What is needed is an exact copy of the listing, with no pictures in it.

★ ★ ★ ★ ★

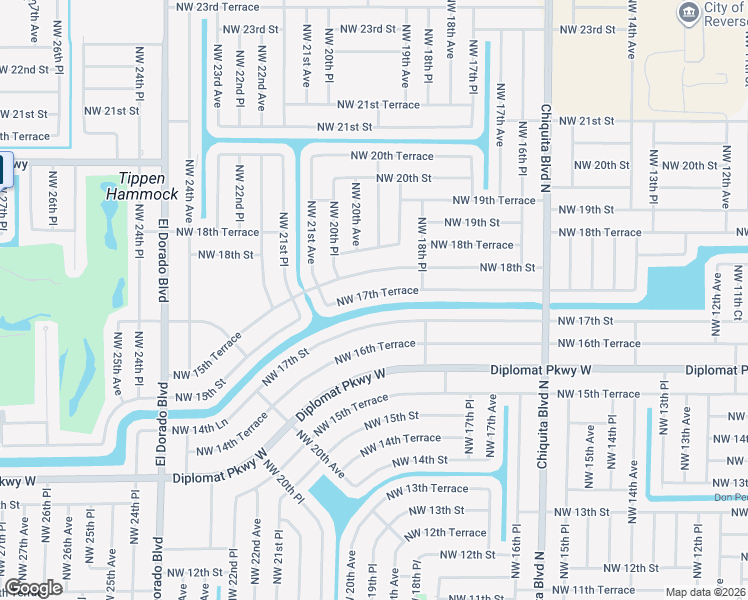 map of restaurants, bars, coffee shops, grocery stores, and more near 1918 Northwest 17th Terrace in Cape Coral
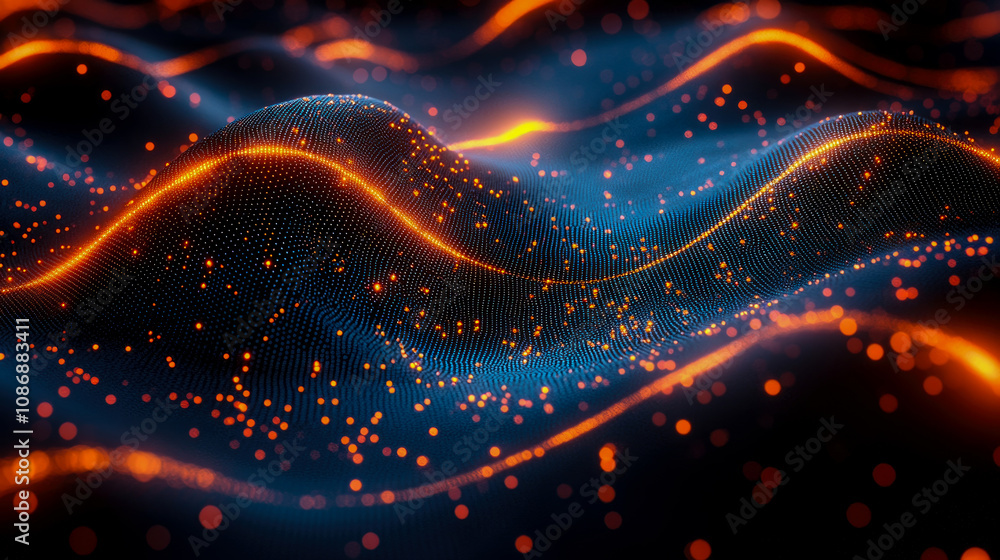 Poster glowing orange particles are softly floating above a textured surface of dark blue digital waves, cr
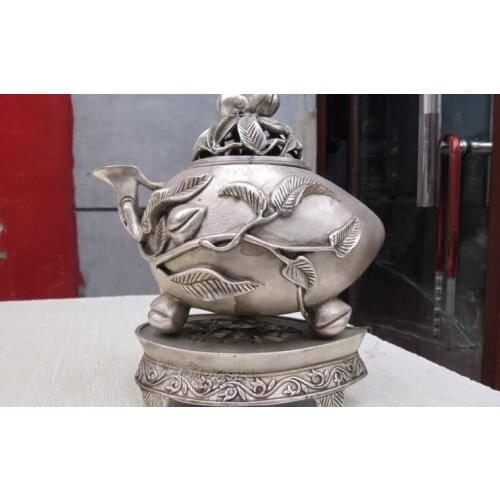 Tibet Folk Buddhism Bronze Copper & silver unique peach incense burner Censer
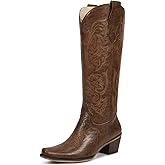 wetkiss Cowboy Boots for Women Cowgirl Boots with Floral Embroidered Pointed Toe Chunky Heel Side Zipper Retro Vintage Classic Tall Boots for Ladies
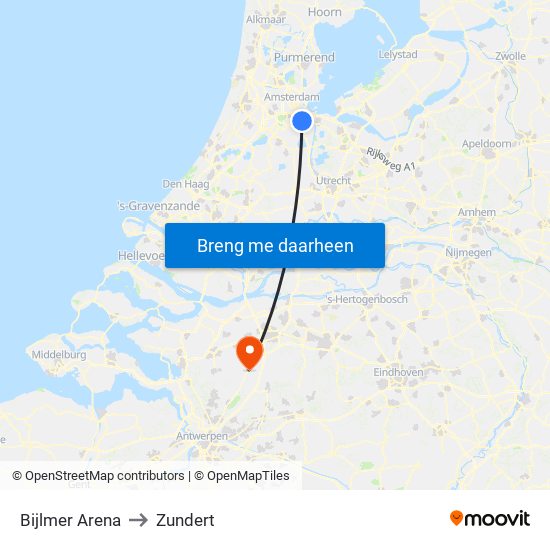 Bijlmer Arena to Zundert map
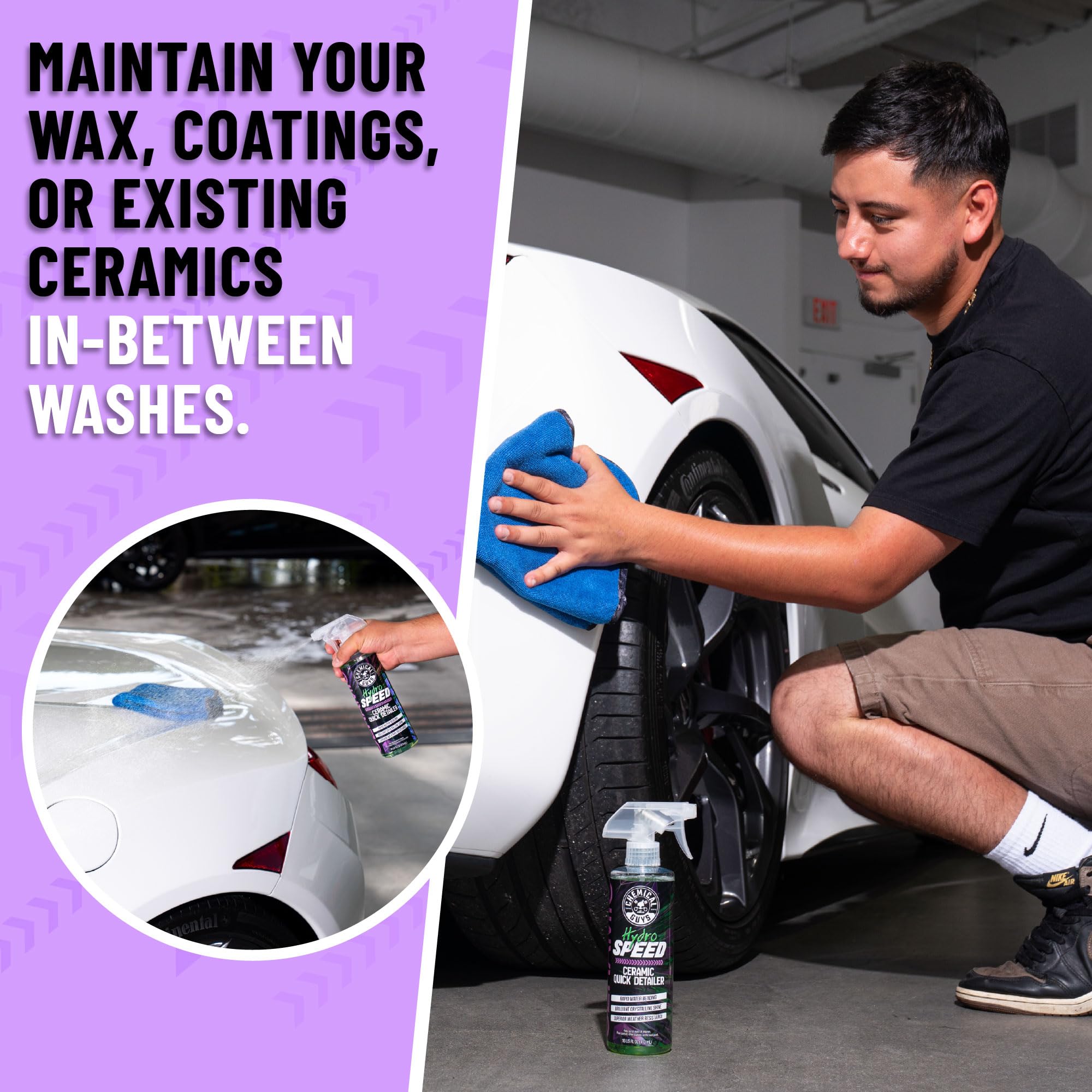 Chemical Guys HydroSpeed Ceramic Quick Detailer Spray - SiO2 Shine Car Detailer Spray for Cars, Trucks, SUVs, Motorcycles and RVs, Boosts Gloss, Hydrophobic Protection and Slickness, 128 oz - Image 5
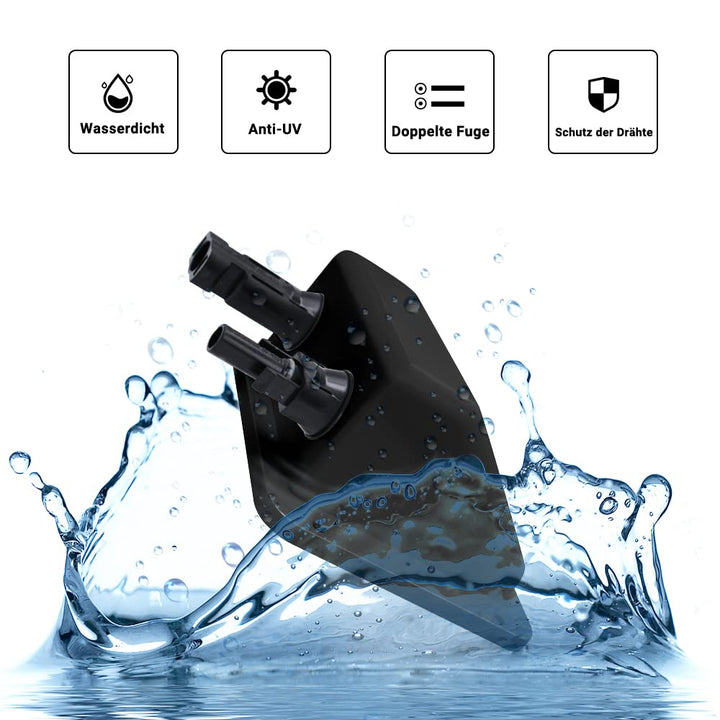 Sayhome ABS Double Solar Kabeleinführung Gehäuse mit 10ft 10awg weichem Kupferkabel, für Wohnmobil,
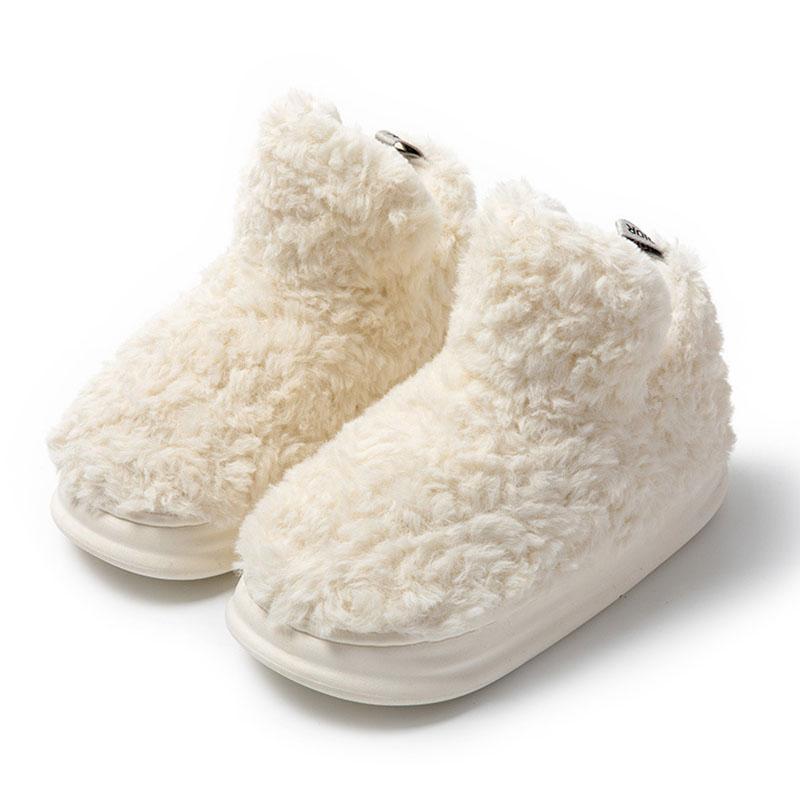 Zimní jehněčí vlna Bavlněné pantofle Nové nadýchané plyšové pantofle Kožešina Ploché boty Outdoor Dámské Bavlněné boty Silná podrážka Teplý fleece Domů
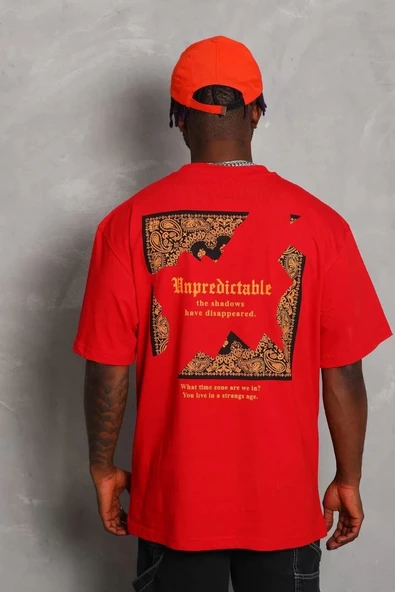 Unisex Oversize Baskılı Bisiklet Yaka T-Shirt - Kırmızı - Resim 5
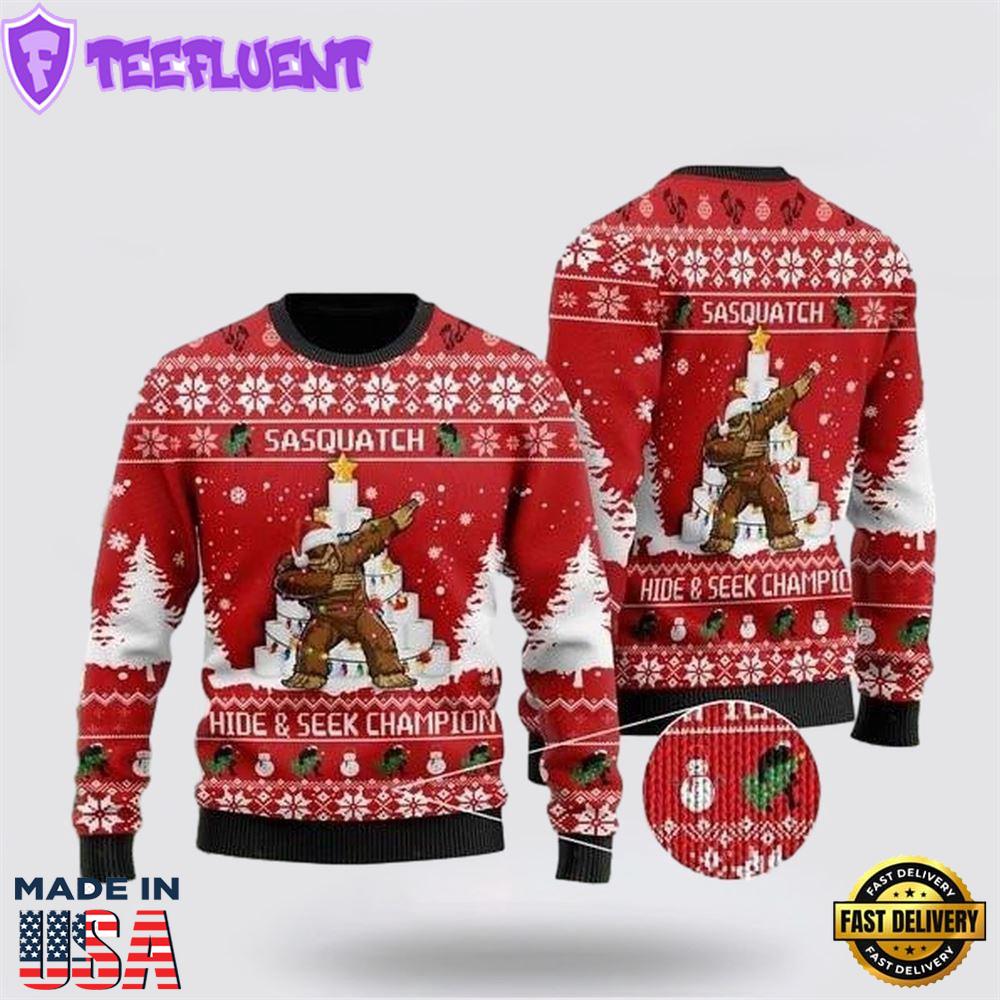 Bigfoot Snowman Ugly Christmas Sweater For Men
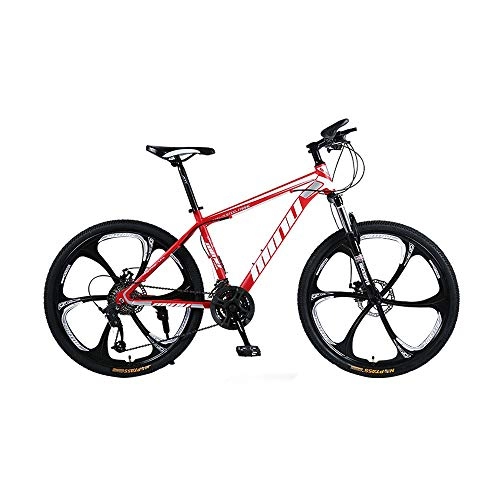 Mountain Bike : Fenfen-cz Mountain Bike Aluminum Frame Bicycle Fork Suspension 3 Spoke Wheels Double Disc Brakes Bicycle Aluminum Racing Bicycle Outdoor Cycling (26'', 21 / 24 Speed) (Color : Red, Size : 24 speed)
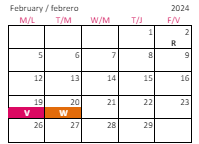 District School Academic Calendar for Green Elementary for February 2024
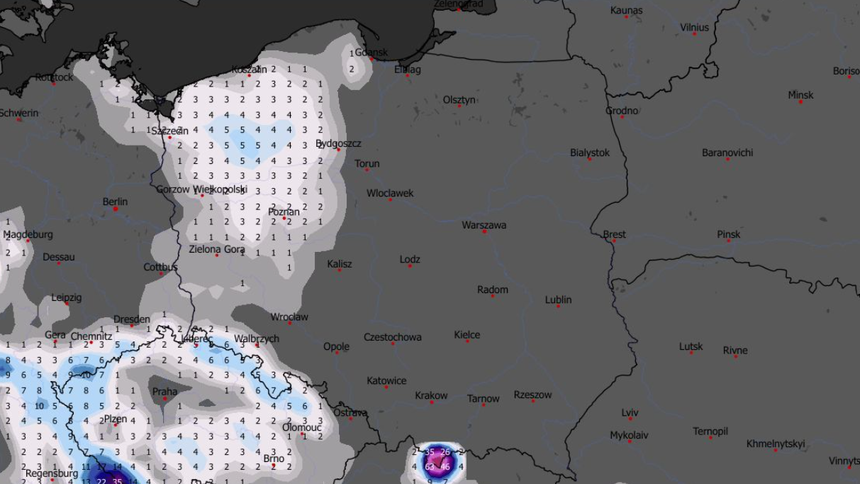 Grubość pokrywy śnieżnej 26.03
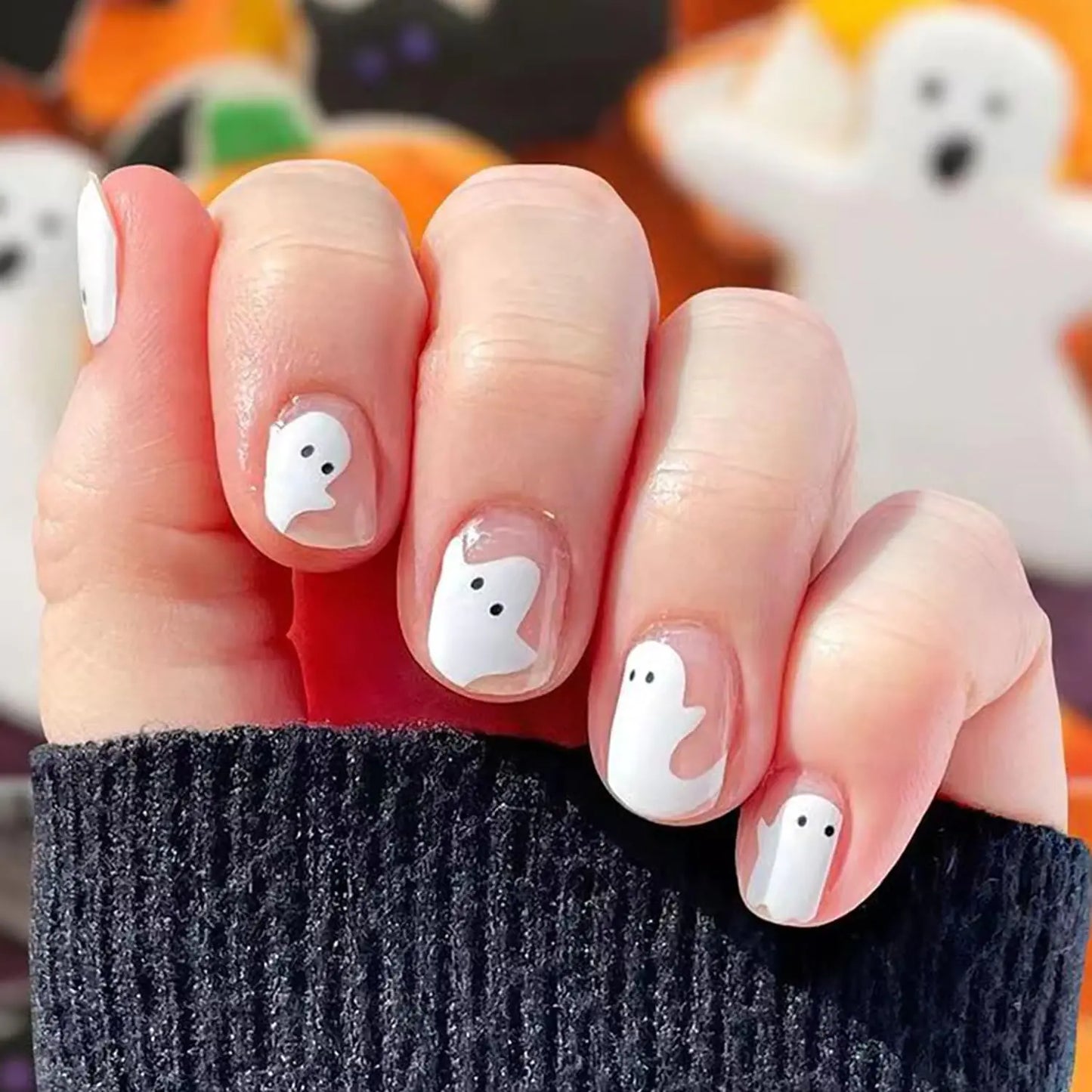 24Pcs BMKKOT Halloween Fake Nails Short Press on Nails Square Acrylic Nails with Cute Ghost Design Glue on Nails Nude Pink False Nails French Cute Halloween Nails Petite Short Coffin Artificial Nails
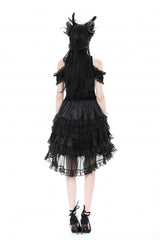 Black Women's Gothic Princess Multi-Layered Ruffled Lace High-Low Skirt - Product - 4
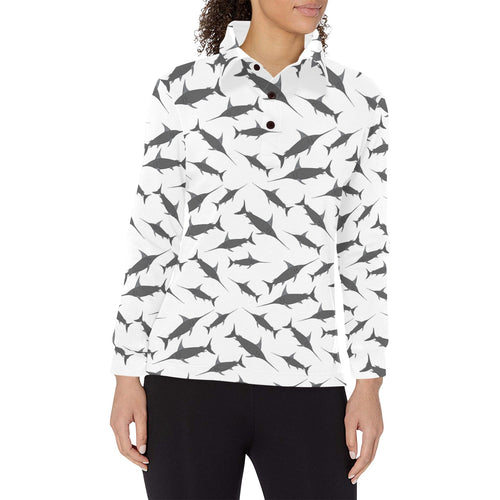 Swordfish Pattern Print Design 04 Women's Long Sleeve Polo Shirt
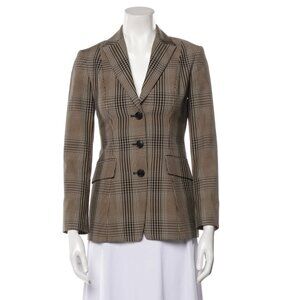 Theory Plaid Print Blazer - Brown & Neutral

★ ★ ★ ★ ★

[SOLUTION]
 map of restaurants, bars, coffee shops, grocery stores, and more near 1918 Northwest 17th Terrace in Cape Coral
 Poster glowing orange particles are softly floating above a textured surface of dark blue digital waves, cr
 Tibet Folk Buddhism Bronze Copper & silver unique peach incense burner Censer
 wetkiss Cowboy Boots for Women Cowgirl Boots with Floral Embroidered Pointed Toe Chunky Heel Side Zipper Retro Vintage Classic Tall Boots for Ladies
 Bijlmer Arena to Zundert map
 Chemical Guys HydroSpeed Ceramic Quick Detailer Spray - SiO2 Shine Car Detailer Spray for Cars, Trucks, SUVs, Motorcycles and RVs, Boosts Gloss, Hydrophobic Protection and Slickness, 128 oz - Image 5
 Sayhome ABS Double Solar Kabeleinführung Gehäuse mit 10ft 10awg weichem Kupferkabel, für Wohnmobil,
 Zimní jehněčí vlna Bavlněné pantofle Nové nadýchané plyšové pantofle Kožešina Ploché boty Outdoor Dámské Bavlněné boty Silná podrážka Teplý fleece Domů
 Unisex Oversize Baskılı Bisiklet Yaka T-Shirt - Kırmızı - Resim 5
 Bigfoot Snowman Ugly Christmas Sweater For Men
 Mountain Bike : Fenfen-cz Mountain Bike Aluminum Frame Bicycle Fork Suspension 3 Spoke Wheels Double Disc Brakes Bicycle Aluminum Racing Bicycle Outdoor Cycling (26'', 21 / 24 Speed) (Color : Red, Size : 24 speed)
 District School Academic Calendar for Green Elementary for February 2024
 Grubość pokrywy śnieżnej 26.03
 24Pcs BMKKOT Halloween Fake Nails Short Press on Nails Square Acrylic Nails with Cute Ghost Design Glue on Nails Nude Pink False Nails French Cute Halloween Nails Petite Short Coffin Artificial Nails
 Black Women's Gothic Princess Multi-Layered Ruffled Lace High-Low Skirt - Product - 4
 Swordfish Pattern Print Design 04 Women's Long Sleeve Polo Shirt
 Theory Plaid Print Blazer - Brown & Neutral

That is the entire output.